• **AIM OF THE TASK**: Your answer must be only the lines below from the one containing "The Roman Republic" through the one containing "Wolford Ornamental 20D微透连裤袜 黑色 XS", copied exactly, with the pictures left out.

• **DATA TO PROCESS**:
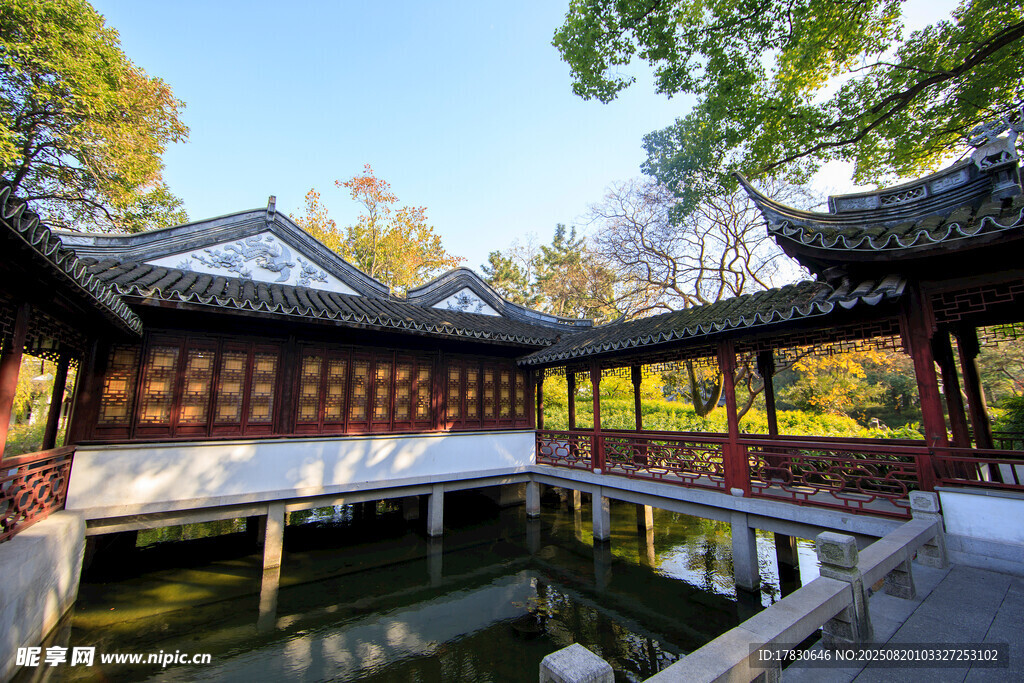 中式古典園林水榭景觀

---

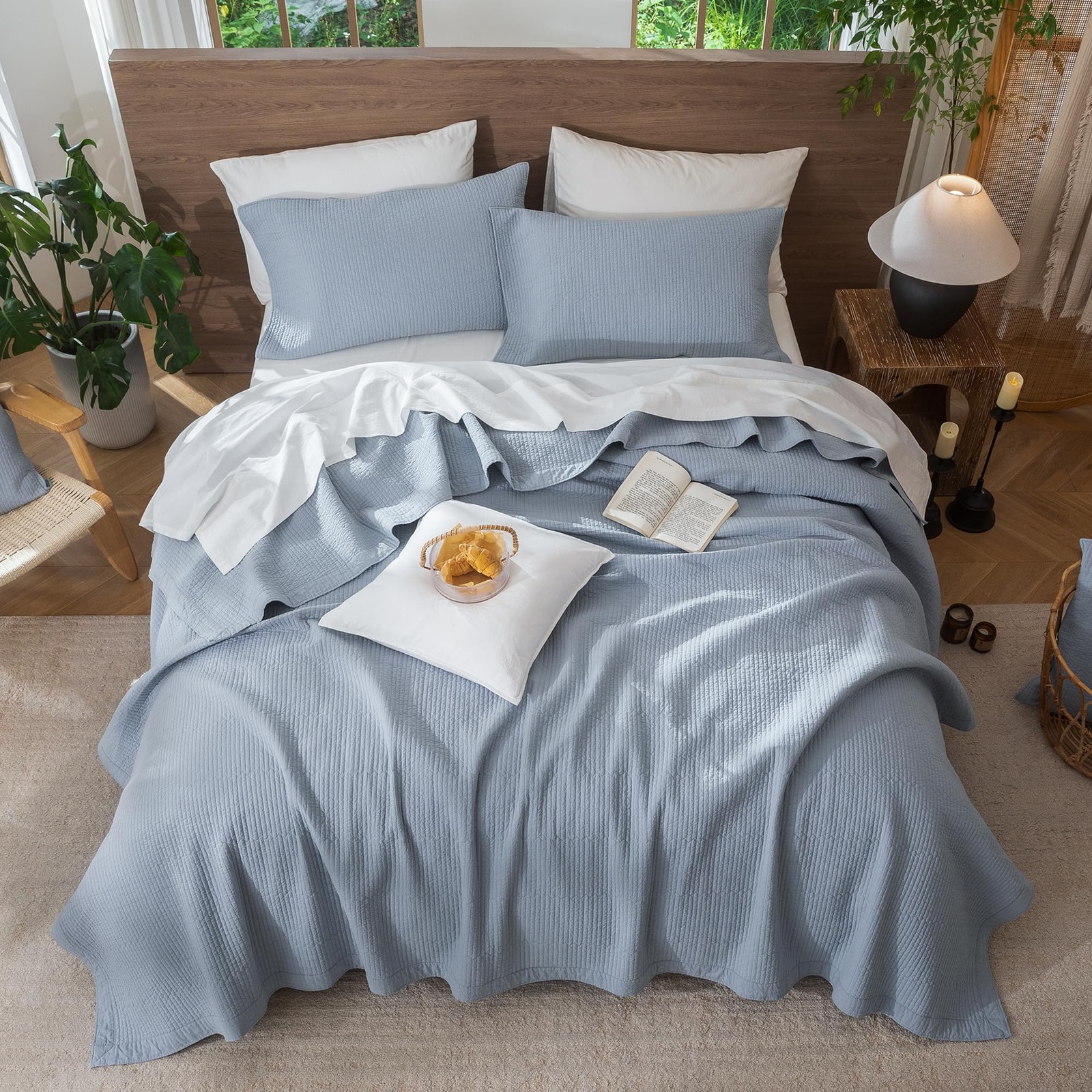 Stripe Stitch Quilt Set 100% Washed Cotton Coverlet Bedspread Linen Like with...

* * *

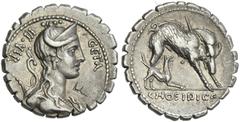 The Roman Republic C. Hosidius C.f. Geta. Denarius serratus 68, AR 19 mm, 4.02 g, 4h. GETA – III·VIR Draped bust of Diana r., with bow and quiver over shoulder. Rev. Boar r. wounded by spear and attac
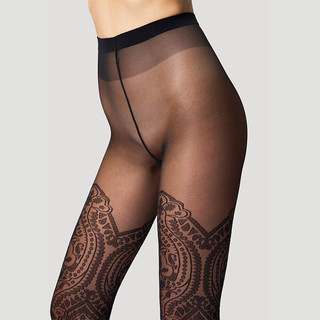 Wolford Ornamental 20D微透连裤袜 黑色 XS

• **TASK ANSWER**:
 The Roman Republic C. Hosidius C.f. Geta. Denarius serratus 68, AR 19 mm, 4.02 g, 4h. GETA – III·VIR Draped bust of Diana r., with bow and quiver over shoulder. Rev. Boar r. wounded by spear and attac
 Wolford Ornamental 20D微透连裤袜 黑色 XS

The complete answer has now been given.